La loi Informatique et Libertés n'est pas une loi de police

Le Tribunal de grande instance de Paris a considéré qu'il n'y avait pas de trouble manifestement illicite, dans la mesure où Google met en ligne un service permettant à chacun de supprimer les archives des messages envoyés. Cependant, s'agissant des messages dont Madame S n'est pas l'auteur, et auxquels elle a répondu, il revenait à l'auteur de chacun des messages d'en solliciter la suppression. Ceci étant, c'est la notion fondamentale de droit à l'oubli qui est bafouée. La situation est ici problématique et Google a préféré argumenter sur le champ d'application de la loi française, car le réel intérêt de la décision réside dans son analyse de la loi applicable au moteur de recherche. En effet, Madame S soutenant que les statuts de la société Google France confirment l'existence de moyens de traitement des données personnelles sur le territoire français, la loi du 6 janvier 1978 devait être considérée comme une loi de police et donc applicable au litige.

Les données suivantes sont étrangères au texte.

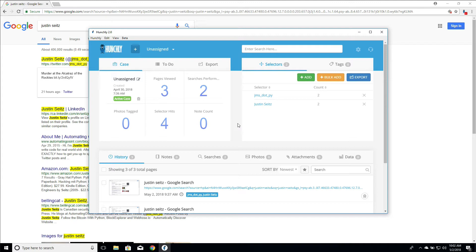This is a major enhancement in Hunchly 2, where we are able to categorize pages to help break down our investigations into particular categories for when we're doing case review or report building.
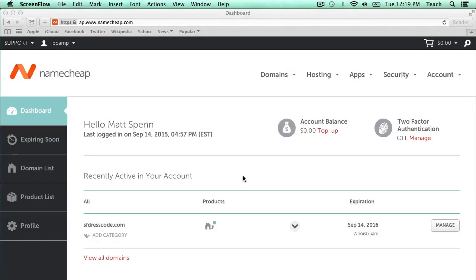In this video, I'm going to show you how to update your DNS entries in the Namecheap control panel. I'm going to show you how to add an A record and how to add a CNAME.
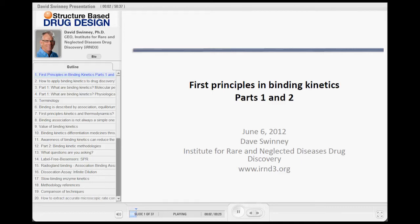I'm Dave Swinney, and I'll give the first part, and Javier will give the second part. I'm going to give you a little bit of background, and then in 45 minutes try to talk more from the pharmacologist aspect, and then Javier will come in and talk about more from the chemistry aspect.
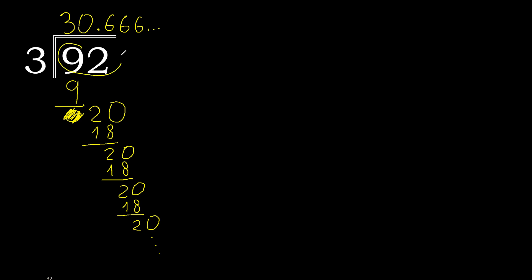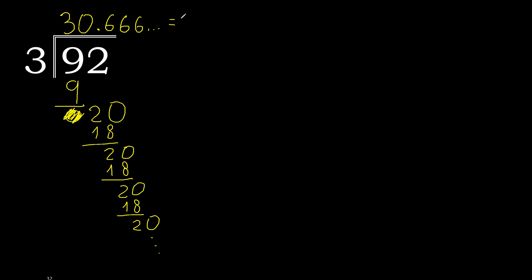92 divided by 3 is... or like this. After the point, 6 repeats, therefore 6 repeat, like this. Okay, finish. Like this.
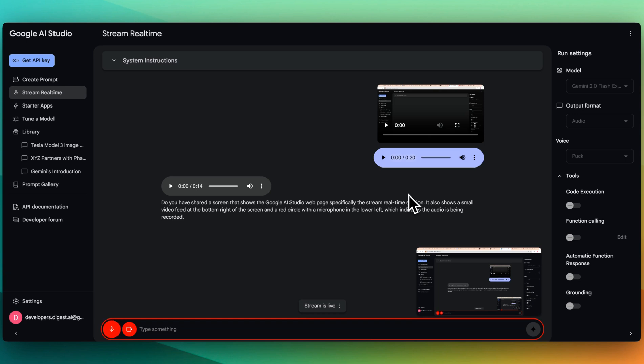But otherwise, that's it for this video. I'll link everything within the description of the video. If you found this video useful, please like, comment, share, and subscribe. Otherwise, until the next one.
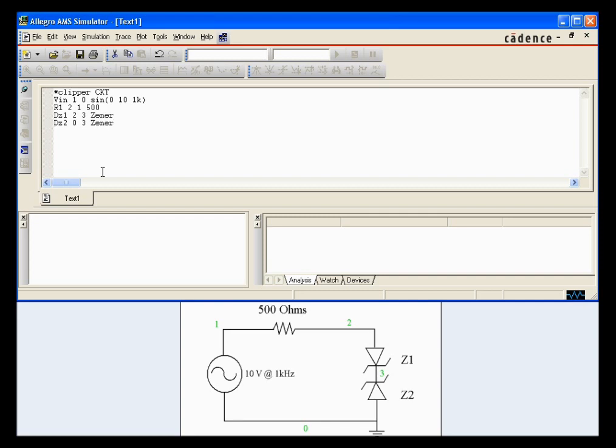Now we can define the model for both these diodes. Dot model, Zener, D for diode. Now we can input our values we wish.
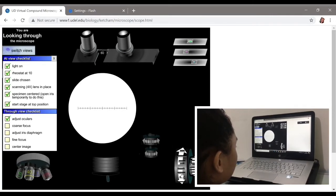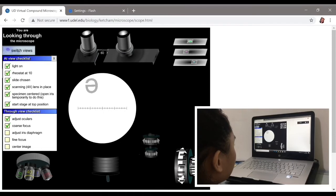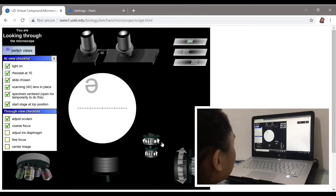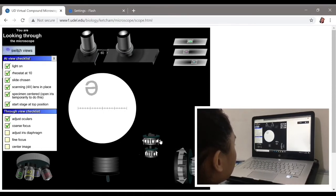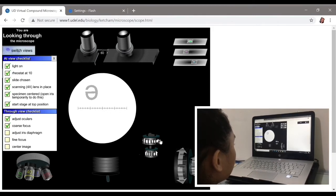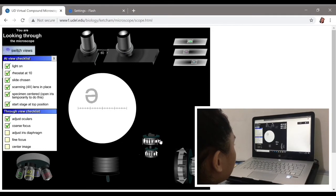Next, I clicked the coarse focus downwards until the image appeared. After that, I readjusted the X and Y knobs, found focus, and adjusted the iris diaphragm for a much clearer and brighter image.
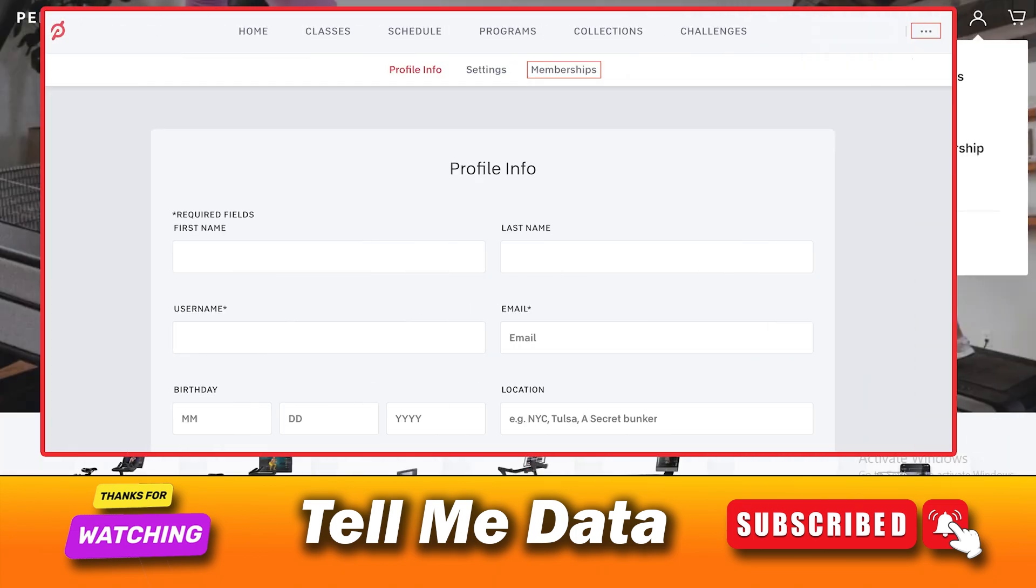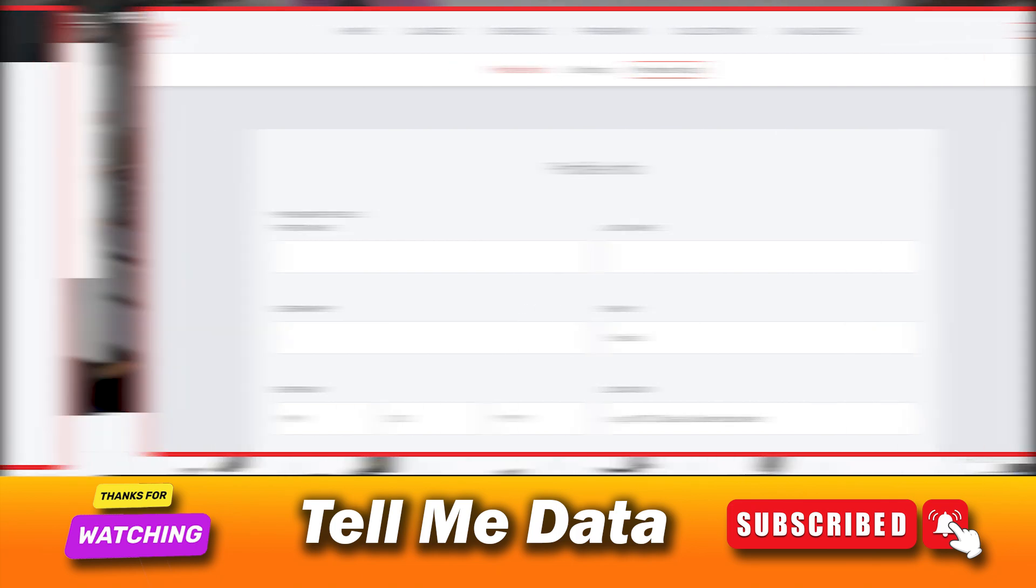Click on the memberships tab. This will open a new page in your browser.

Outre le fait que le caractère impératif de la loi française en tant que loi de police n'a pas été retenu, le TGI a considéré que la loi Californienne était applicable (et équivalente à la loi française !), soit celle du lieu d'archivage. Le tribunal a estimé que la filiale française de Google Inc. n'agissait qu'en qualité de simple agent et ne disposait d'aucun mandat pour administrer le moteur de recherche ou le service Google Groupes. Ce montage juridico-technique astucieux peut avoir de lourdes conséquences en termes de respect de la vie privée et de protection des données à caractère personnel.

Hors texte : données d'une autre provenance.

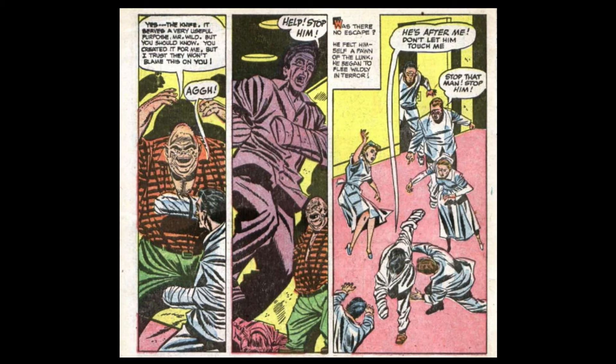Yes, the knife. It serves a very useful purpose, Mr. Wilde. But you should know. You created it for me. But I trust they won't blame this on you. Help! Stop him!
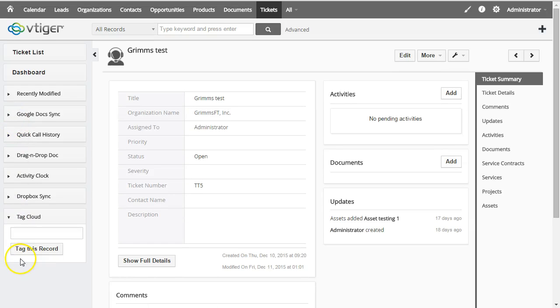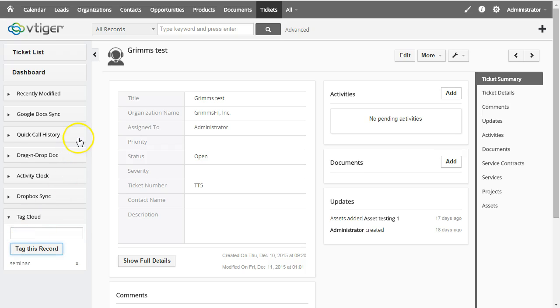It doesn't really matter what record—every record can be tagged. Then you can see in the individual record all the tags that you have. You can remove it by just clicking the X.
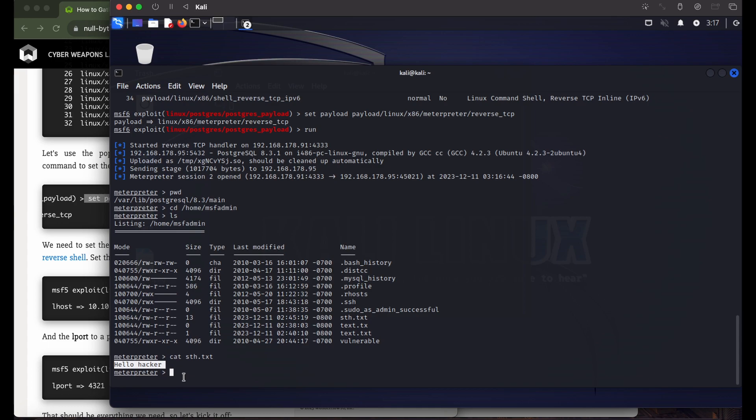Those were all the exploits and auxiliaries explained in the article, showing how you can get into a Postgres database. The takeaway is: make sure to update your Postgres database, because if you are running an outdated version like 8.3.1 you are potentially vulnerable to all of these exploits, which is very dangerous — a hacker can do a great deal of harm with this.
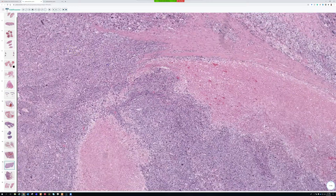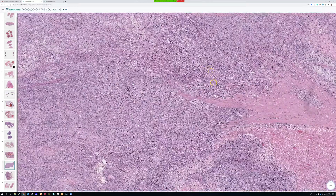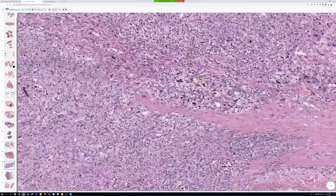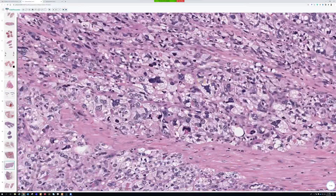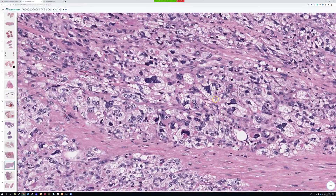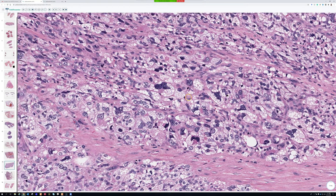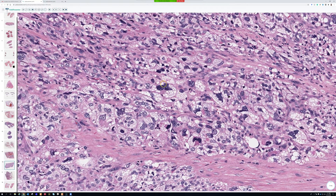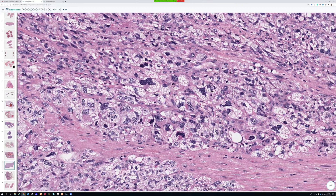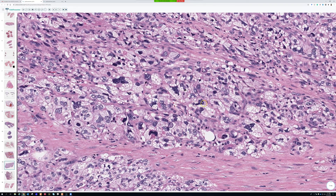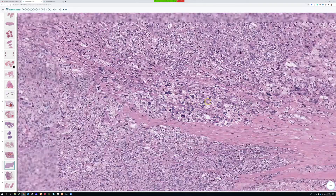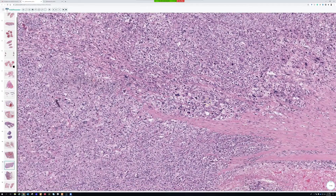There's a good area with really good lipoblasts here. That's textbook — the perfect lipoblasts with clear vacuoles pushing in on the nucleus and denting it. An important thing to remember: pleomorphic liposarcoma is the one liposarcoma where you must have at least one pleomorphic lipoblast to make the diagnosis.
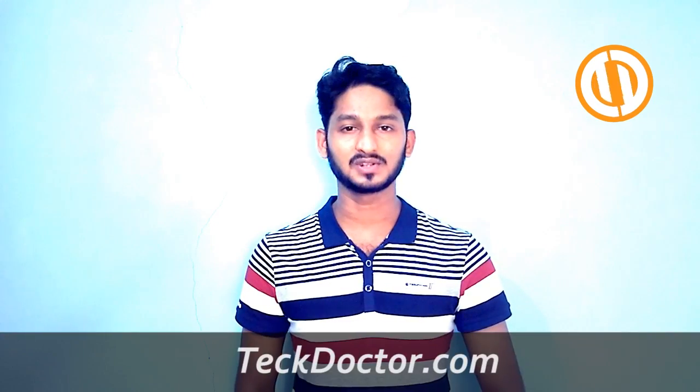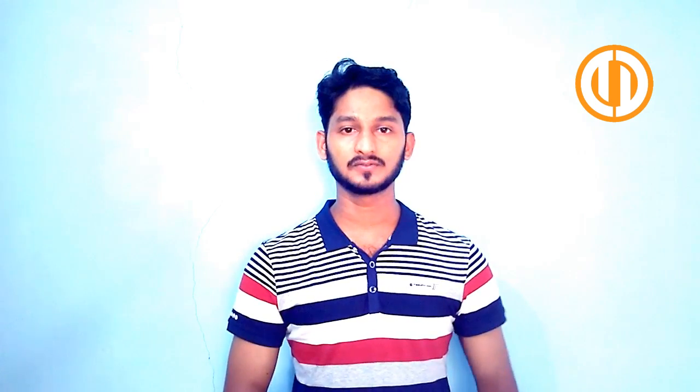Hi guys, welcome back to TechDoctor. This is Mr. Abudin. Today's tutorial is about solving a problem while using third-party applications to type other languages in software like graphic design programs, MS Word, or any other software.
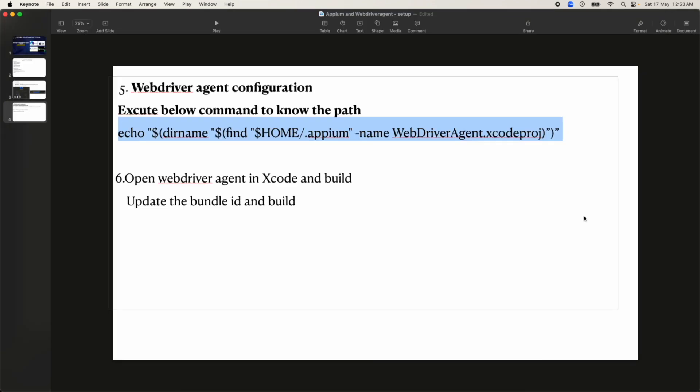That covers how to install Appium, how to set up WebDriver Agent, and how to install Xcode. Give it a try, and let me know if you have any questions. Thank you.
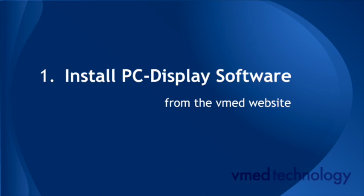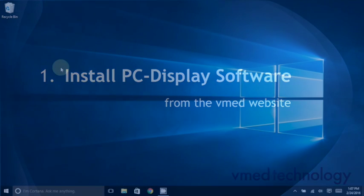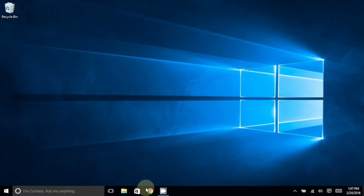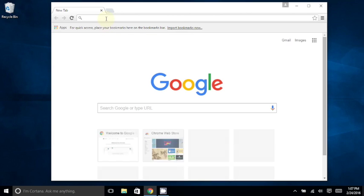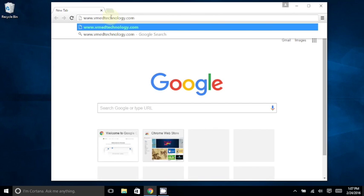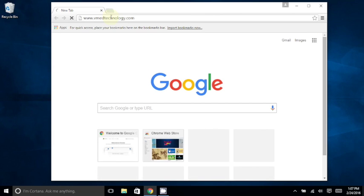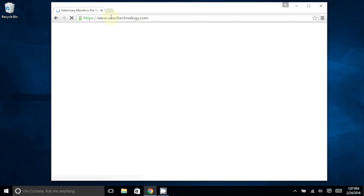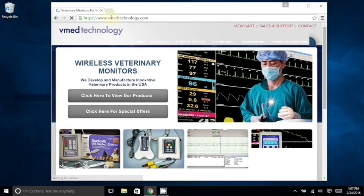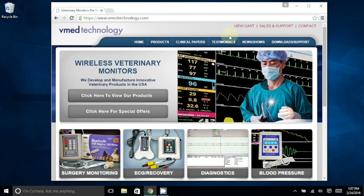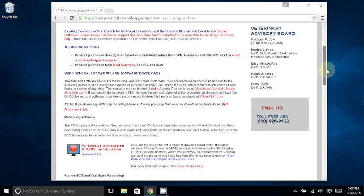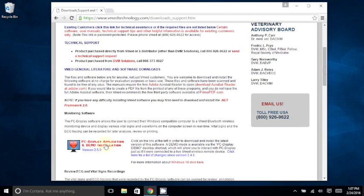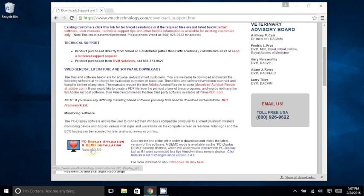If you choose to install PC Display from the VMED website, then open a web browser and go to the VMED Technology website. Click on the Download Support tab, and scroll down until you find the PC Display Application and Demo Installation icon. Click this and allow it to download.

Enfin, la plaignante a été condamnée à payer les entiers dépens dans cette affaire. 

L'impunité de Google est alarmante pour tous les internautes français et européens et ce, malgré tous ses efforts pour feindre le respect de la confidentialité des données collectées et de la vie privée. A contrario, d'autres grandes entreprises ont pris la mesure de l'importance de la protection de la vie privée sur l'Internet et des règles de droit communautaire.

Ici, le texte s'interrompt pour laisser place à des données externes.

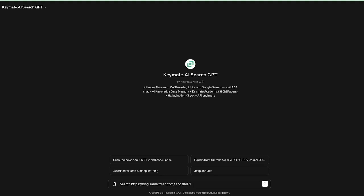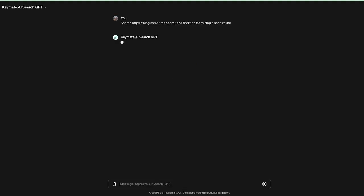So let's say I wanted to learn more about tips on raising a seed round and I wanted to check on Sam Altman's blog. So here I wrote search blog.samaltman.com and find tips for raising a seed round. Let's see what results come up.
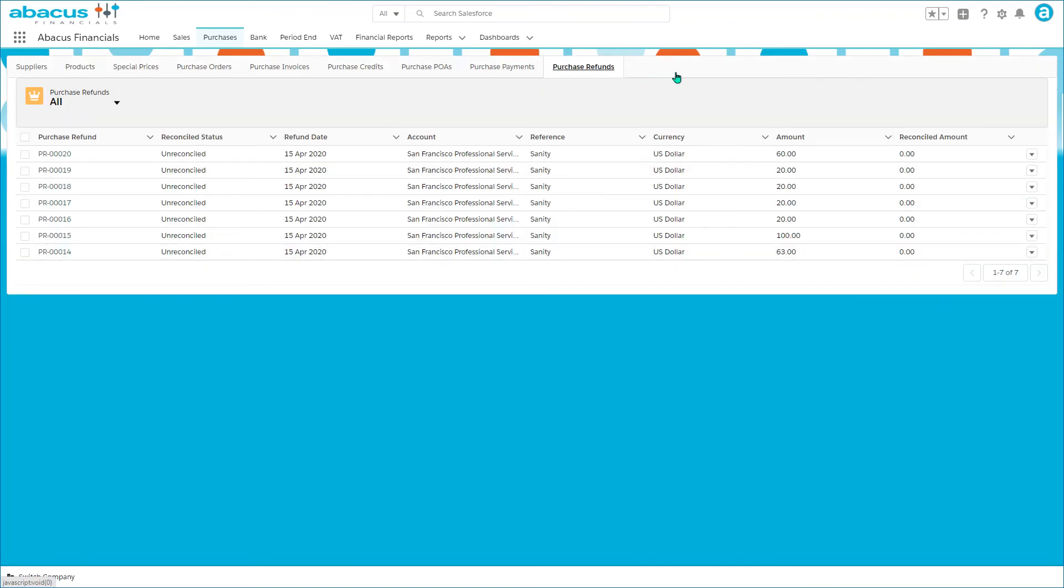So that's all I want to cover on purchases in this video because it is, as I say, a mirror image of the sales. Thank you for watching. Enjoy the quiz.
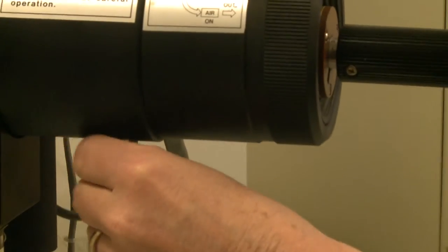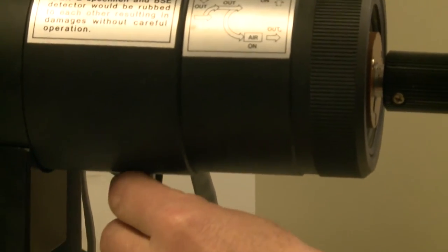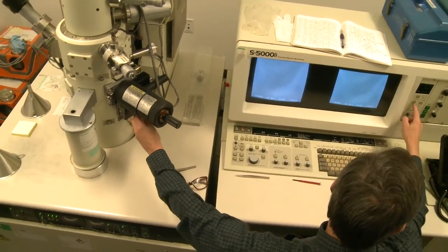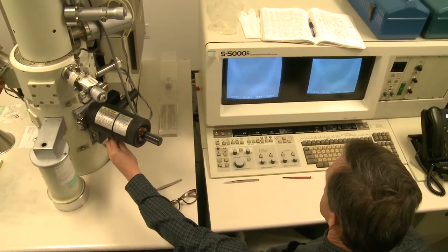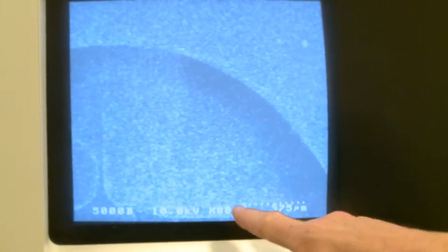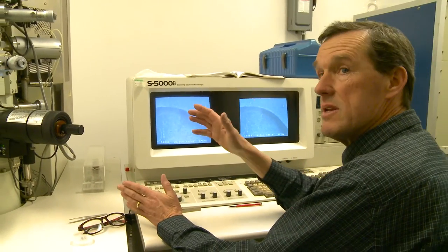Let's see if I can focus on anything here. I'm right now in a fairly low magnification range — this is 80 times magnified. This microscope can do up to a million times.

Le business modèle de Google est fondé sur le trafic, qu'il s'agisse de l'information collectée auprès de ses utilisateurs ou des bannières publicitaires fleurissant à chaque page d'occurrence en fonction de la requête de l'utilisateur et pour lesquelles Google est devenue le leader quasi monopolistique depuis le rachat - critiqué - de DoubleClick. On comprend l'importance pour Google d'éviter de voir une législation communautaire en matière de protection des données à caractère personnel applicable à ses services (Gmail, Google Groups etc.) : toute son activité commerciale pourrait être remise en cause (conservation des données à caractère personnel, utilisation ultérieure).

Et on se pose la question de savoir quels sont les réels moyens d'action d'un internaute européen à l'encontre de cette entreprise tentaculaire. A moins d'éviter de recourir aux services proposés par Google... mais n'est-ce pas déjà trop tard ?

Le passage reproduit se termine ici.